Lo studente universitario che ha ucciso la madre: “pressioni insopportabili”

9 mesi fa
24 Maggio 2020
di redazione herald

Caserta, uno studente universitario ha ucciso sua madre. Una vicenda assurda quella accaduta in un appartamento di Corso Trieste a Caserta, in pieno centro cittadino. Una madre è stata barbaramente uccisa dal proprio figlio, colpita da violente e numerose coltellate al quale non è riuscita ad opporre resistenza.

L’episodio è accaduto ieri, come raccontano i colleghi di Casertanews. L’esatta dinamica è in fase di ricostruzione da parte della Polizia di Stato. L’omicidio è stato realizzato da un giovane 24 enne, che non ha avuto alcuna pietà della madre, Rubina Chirico, di 52 anni.

Lo studente che ha ucciso sua madre viveva a Spello (Perugia)

Dopo l’omicidio, il giovane si è recato in Questura: in questo momento si trova in carcere con l’accusa di omicidio. Il ragazzo viveva a Spello, nei pressi di Perugia, nell’abitazione degli zii. In Umbria frequentava la facoltà di Scienze Politiche e, a quanto pare, aveva una vita piuttosto normale.

Secondo quanto riportato dall’Ansa, il giovane avrebbe detto agli inquirenti che dalla madre arrivavano “pressioni insopportabili”, forse proprio in merito all’andamento universitario del ragazzo. L’accanimento nei confronti della madre sarebbe stato repentino al punto di non concedere il tempo di una reazione alla donna.

La nota del centro sociale a cui la vittima si era rivolta

Il centro sociale Ex Canapificio, che in passato ha fornito assistenza alla donna, è intervenuto con una nota. “Rubina – spiegano dall’associazione -venne per la prima volta allo sportello per il reddito nell’estate del 2019, abitava ancora a Santa Maria Capua Vetere (a pochi km da Caserta n.d.r.). Non venne sola, il figlio la accompagnava, era uno dei momenti in cui era a Caserta con lei.”

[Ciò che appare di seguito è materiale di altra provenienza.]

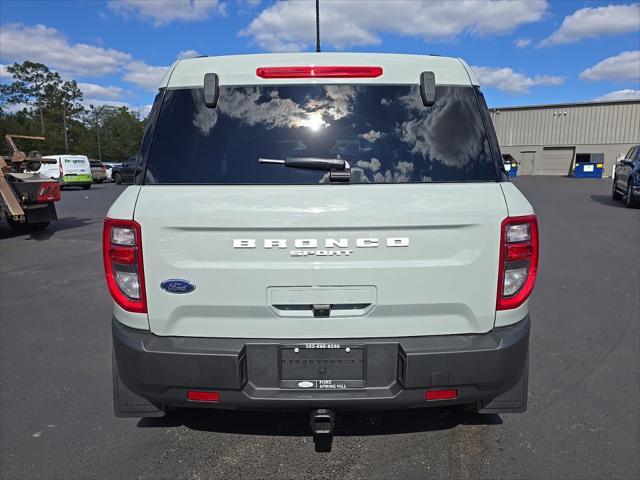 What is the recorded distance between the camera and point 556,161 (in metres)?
50.4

“Da allora la sostenemmo per alcuni mesi su alcune richieste che ci fece, riguardanti per lo più la casa, e imparammo a conoscere la sua intelligenza, la sua determinazione e la sua indignazione per come le persone in difficoltà vengono schiacciate senza alcuna pietà.”

“La notizia della sua morte ci ha sconvolto – continua la nota -, ma vogliamo dire una cosa in modo molto netto. Le persone che vengono allo Sportello Reddito sono persone reali, con il proprio carico di delusione e rabbia per le ingiustizie che hanno vissuto sulla loro pelle per anni.”

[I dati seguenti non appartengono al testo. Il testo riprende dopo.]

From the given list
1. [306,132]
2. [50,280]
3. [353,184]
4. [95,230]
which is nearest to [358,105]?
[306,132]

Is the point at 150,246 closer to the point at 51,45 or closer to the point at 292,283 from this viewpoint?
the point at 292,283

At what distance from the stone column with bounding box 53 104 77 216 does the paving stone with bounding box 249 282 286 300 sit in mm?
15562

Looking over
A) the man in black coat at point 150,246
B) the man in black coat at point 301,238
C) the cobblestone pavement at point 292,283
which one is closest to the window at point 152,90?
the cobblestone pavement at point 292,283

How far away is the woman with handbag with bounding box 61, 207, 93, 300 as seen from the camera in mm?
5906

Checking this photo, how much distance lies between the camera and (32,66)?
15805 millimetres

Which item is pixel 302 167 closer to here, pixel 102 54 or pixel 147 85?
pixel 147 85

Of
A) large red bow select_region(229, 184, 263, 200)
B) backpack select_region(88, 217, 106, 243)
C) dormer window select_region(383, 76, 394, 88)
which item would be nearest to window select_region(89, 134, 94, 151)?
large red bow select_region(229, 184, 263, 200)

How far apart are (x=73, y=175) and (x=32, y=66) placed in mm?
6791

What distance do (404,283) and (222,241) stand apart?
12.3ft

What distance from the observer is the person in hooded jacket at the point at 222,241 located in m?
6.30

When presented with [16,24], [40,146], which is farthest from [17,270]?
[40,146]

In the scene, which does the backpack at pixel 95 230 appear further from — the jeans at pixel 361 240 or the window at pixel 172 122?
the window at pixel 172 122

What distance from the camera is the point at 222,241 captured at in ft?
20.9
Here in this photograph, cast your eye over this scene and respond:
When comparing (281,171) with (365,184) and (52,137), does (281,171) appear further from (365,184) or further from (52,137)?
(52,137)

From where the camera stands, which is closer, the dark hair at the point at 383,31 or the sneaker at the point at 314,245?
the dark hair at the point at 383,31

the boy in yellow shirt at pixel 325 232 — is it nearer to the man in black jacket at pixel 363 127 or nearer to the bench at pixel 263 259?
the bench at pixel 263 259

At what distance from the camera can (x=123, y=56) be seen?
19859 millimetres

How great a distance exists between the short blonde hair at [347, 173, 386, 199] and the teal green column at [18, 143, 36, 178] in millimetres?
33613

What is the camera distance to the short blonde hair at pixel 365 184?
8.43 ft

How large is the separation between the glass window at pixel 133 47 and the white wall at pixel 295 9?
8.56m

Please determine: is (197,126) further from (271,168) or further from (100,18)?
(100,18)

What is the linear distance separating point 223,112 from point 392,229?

“Perciò, alle istituzioni che oggi piangono questo orrendo delitto gridiamo: quando chiudete gli spazi sociali avete sbattute le porte in faccia a Rubina e a tanti come lei. Andremo avanti Rubina, perché il tuo ricordo ci rende più forti, più instancabili, più determinati che mai”, conclude la nota del Centro Ex Canapificio.